**AIM OF THE EXERCISE:**
Give again, word for word, each line below starting at the one that contains "Name it Pants" and ending at the one that contains "Квартира в Алании, Турция, 100 м² - фото 9".

** Opening DATA FOR REVIEW block **

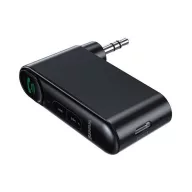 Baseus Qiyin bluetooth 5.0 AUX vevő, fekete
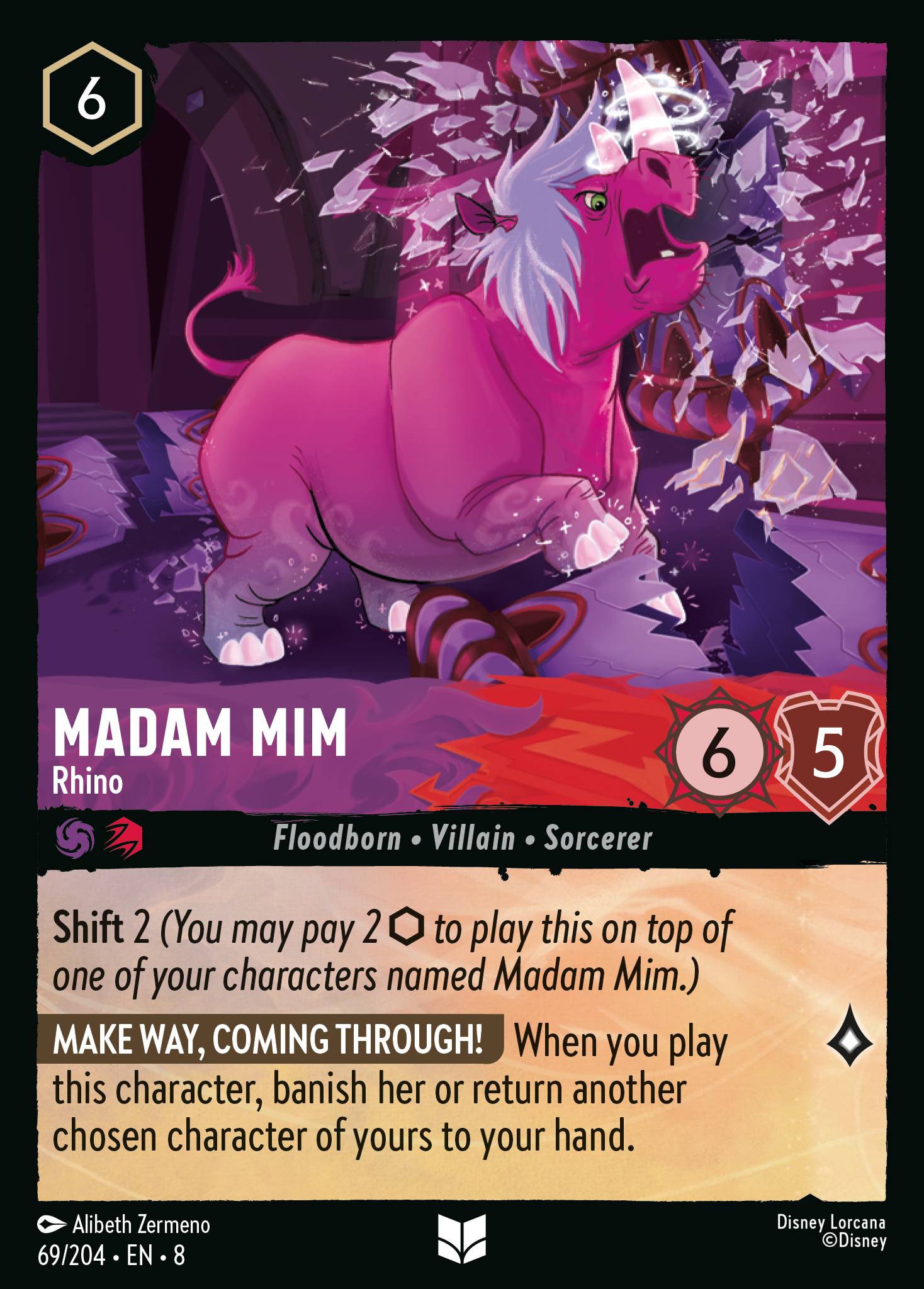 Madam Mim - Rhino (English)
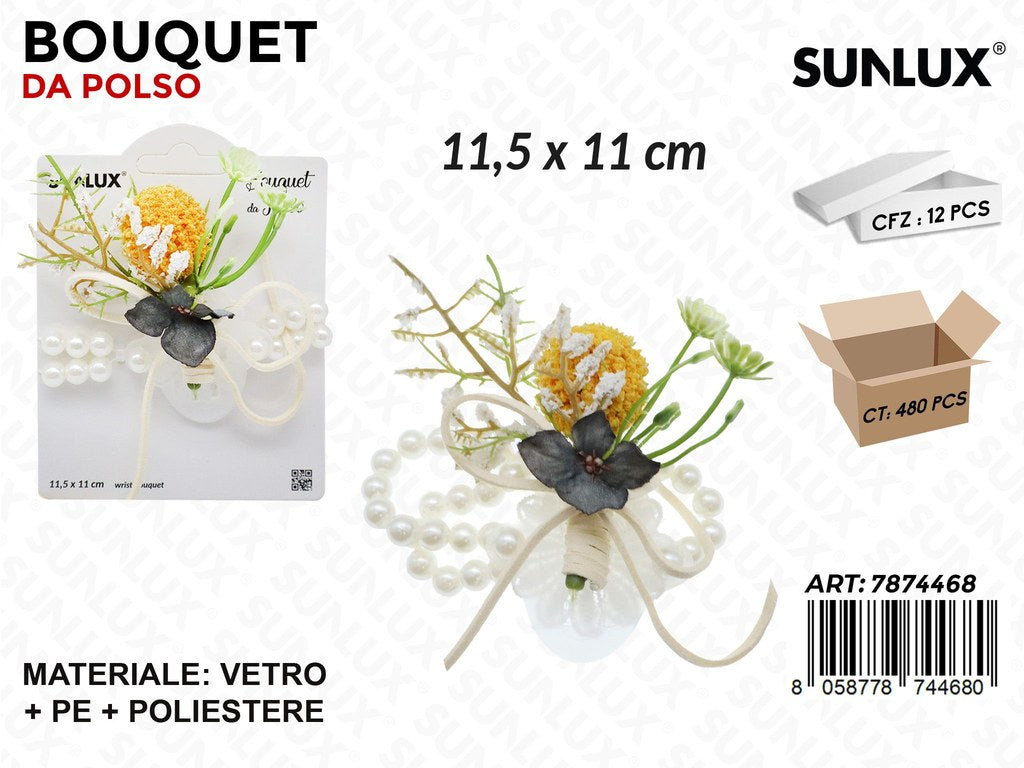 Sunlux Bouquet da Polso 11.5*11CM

** Closing DATA FOR REVIEW block **
** Opening DATA FOR REVIEW block **

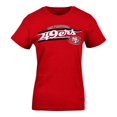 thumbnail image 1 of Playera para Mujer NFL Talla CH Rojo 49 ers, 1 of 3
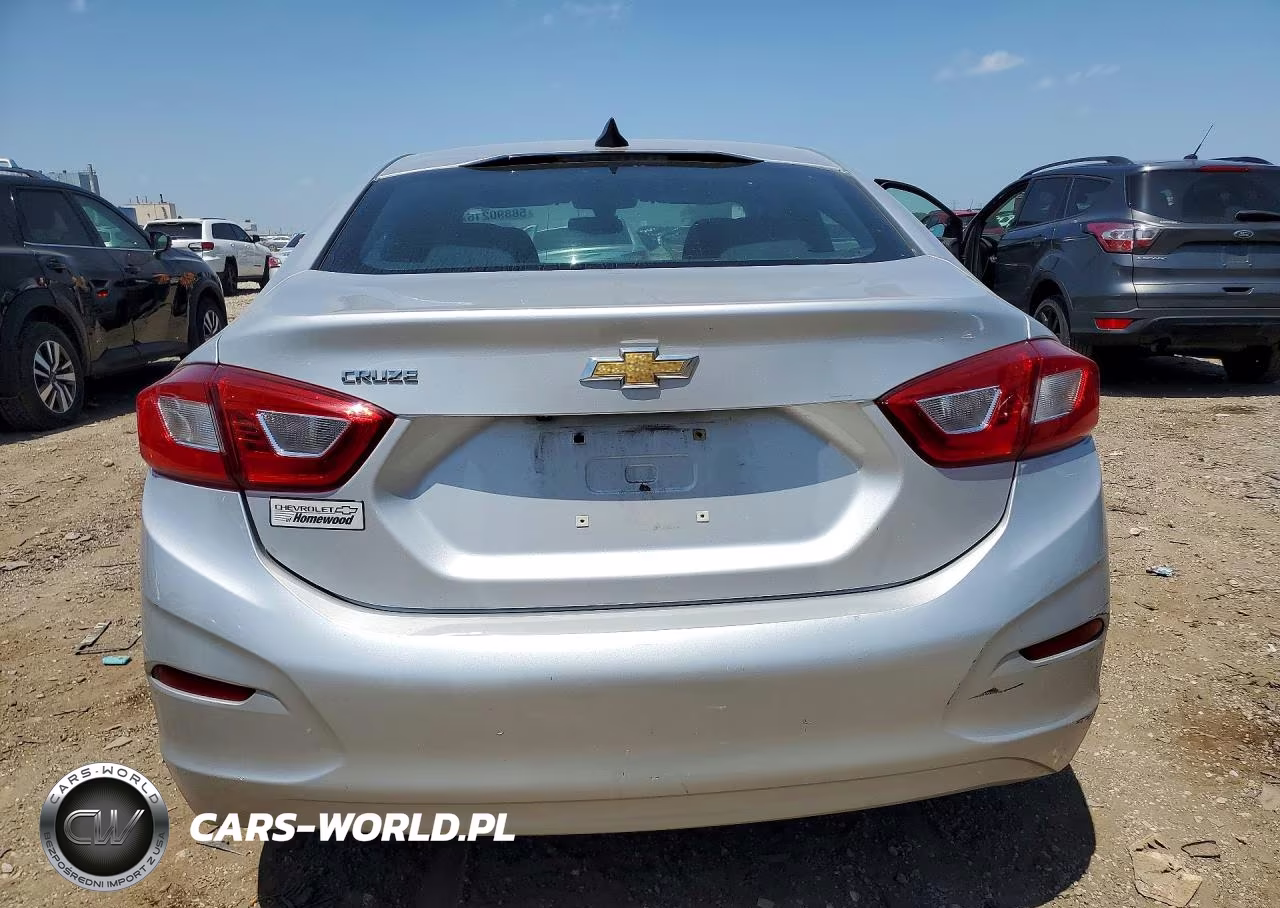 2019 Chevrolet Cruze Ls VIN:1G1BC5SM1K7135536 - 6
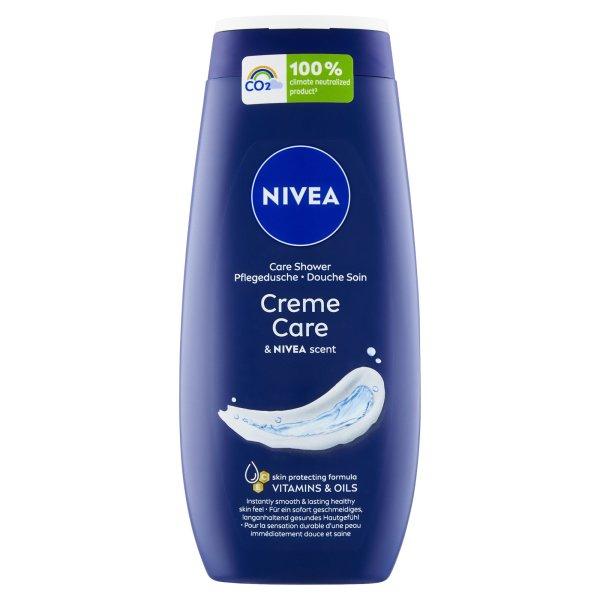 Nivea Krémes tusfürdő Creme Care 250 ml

** Closing DATA FOR REVIEW block **
** Opening DATA FOR REVIEW block **

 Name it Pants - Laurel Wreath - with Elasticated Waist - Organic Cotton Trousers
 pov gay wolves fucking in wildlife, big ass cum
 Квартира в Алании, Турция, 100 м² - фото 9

** Closing DATA FOR REVIEW block **

**REPLY TO THE TASK:**
 Name it Pants - Laurel Wreath - with Elasticated Waist - Organic Cotton Trousers
 pov gay wolves fucking in wildlife, big ass cum
 Квартира в Алании, Турция, 100 м² - фото 9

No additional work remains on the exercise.